> _Task prompt_
The line containing "462 Horizon series" marks the end: write out exactly every line from the first line of the data below through that line, and only those.

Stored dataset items
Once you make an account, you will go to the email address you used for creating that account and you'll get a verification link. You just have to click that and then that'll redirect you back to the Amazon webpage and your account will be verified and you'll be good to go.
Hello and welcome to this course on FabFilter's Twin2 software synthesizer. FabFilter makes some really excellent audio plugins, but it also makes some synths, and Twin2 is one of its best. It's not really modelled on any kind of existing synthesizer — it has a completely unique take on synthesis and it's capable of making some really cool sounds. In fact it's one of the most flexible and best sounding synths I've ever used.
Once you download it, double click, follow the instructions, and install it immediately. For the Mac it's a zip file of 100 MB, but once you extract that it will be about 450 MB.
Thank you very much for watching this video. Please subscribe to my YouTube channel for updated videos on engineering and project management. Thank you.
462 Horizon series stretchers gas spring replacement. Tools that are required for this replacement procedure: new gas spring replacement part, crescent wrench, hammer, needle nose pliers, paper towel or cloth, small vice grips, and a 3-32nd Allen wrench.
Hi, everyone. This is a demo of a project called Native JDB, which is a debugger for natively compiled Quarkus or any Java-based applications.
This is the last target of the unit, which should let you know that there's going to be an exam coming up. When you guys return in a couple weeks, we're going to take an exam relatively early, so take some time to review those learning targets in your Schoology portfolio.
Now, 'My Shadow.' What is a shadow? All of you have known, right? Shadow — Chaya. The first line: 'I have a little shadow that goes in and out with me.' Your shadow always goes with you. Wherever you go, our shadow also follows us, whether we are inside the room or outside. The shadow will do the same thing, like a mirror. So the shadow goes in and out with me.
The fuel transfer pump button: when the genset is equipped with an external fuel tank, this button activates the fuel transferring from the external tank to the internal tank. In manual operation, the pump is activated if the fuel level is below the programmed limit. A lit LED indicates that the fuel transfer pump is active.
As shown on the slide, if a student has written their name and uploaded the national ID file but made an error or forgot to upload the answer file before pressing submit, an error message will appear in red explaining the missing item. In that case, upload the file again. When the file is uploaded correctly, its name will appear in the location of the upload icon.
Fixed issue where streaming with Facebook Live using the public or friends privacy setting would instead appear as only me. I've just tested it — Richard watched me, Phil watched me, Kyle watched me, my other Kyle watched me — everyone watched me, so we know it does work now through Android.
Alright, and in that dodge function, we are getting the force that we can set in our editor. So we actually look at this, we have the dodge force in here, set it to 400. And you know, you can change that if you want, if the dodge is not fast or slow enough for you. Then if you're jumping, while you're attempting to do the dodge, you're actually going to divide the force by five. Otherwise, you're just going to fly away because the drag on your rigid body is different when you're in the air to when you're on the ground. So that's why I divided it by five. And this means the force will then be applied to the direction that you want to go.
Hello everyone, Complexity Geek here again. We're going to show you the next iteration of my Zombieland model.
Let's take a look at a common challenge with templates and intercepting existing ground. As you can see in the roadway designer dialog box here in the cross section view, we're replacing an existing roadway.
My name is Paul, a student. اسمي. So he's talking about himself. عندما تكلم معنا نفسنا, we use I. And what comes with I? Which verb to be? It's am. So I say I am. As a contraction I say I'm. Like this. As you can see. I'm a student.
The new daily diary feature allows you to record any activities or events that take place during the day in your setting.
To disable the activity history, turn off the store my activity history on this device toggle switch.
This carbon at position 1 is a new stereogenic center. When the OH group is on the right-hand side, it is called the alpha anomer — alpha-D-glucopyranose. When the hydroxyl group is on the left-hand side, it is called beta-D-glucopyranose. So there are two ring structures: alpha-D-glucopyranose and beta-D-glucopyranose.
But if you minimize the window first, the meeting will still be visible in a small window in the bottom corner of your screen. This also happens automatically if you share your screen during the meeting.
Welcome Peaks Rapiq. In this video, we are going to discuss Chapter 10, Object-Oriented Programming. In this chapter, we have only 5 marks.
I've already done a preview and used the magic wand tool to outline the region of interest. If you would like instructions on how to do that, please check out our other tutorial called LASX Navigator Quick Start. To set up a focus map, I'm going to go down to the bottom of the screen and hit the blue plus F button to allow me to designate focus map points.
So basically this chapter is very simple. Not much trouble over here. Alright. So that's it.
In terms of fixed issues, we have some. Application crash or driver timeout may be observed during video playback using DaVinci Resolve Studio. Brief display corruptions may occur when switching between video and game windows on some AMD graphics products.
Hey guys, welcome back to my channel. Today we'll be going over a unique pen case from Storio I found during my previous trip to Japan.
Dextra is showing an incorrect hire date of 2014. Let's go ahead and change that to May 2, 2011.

> _Answer space_
Once you make an account, you will go to the email address you used for creating that account and you'll get a verification link. You just have to click that and then that'll redirect you back to the Amazon webpage and your account will be verified and you'll be good to go.
Hello and welcome to this course on FabFilter's Twin2 software synthesizer. FabFilter makes some really excellent audio plugins, but it also makes some synths, and Twin2 is one of its best. It's not really modelled on any kind of existing synthesizer — it has a completely unique take on synthesis and it's capable of making some really cool sounds. In fact it's one of the most flexible and best sounding synths I've ever used.
Once you download it, double click, follow the instructions, and install it immediately. For the Mac it's a zip file of 100 MB, but once you extract that it will be about 450 MB.
Thank you very much for watching this video. Please subscribe to my YouTube channel for updated videos on engineering and project management. Thank you.
462 Horizon series stretchers gas spring replacement. Tools that are required for this replacement procedure: new gas spring replacement part, crescent wrench, hammer, needle nose pliers, paper towel or cloth, small vice grips, and a 3-32nd Allen wrench.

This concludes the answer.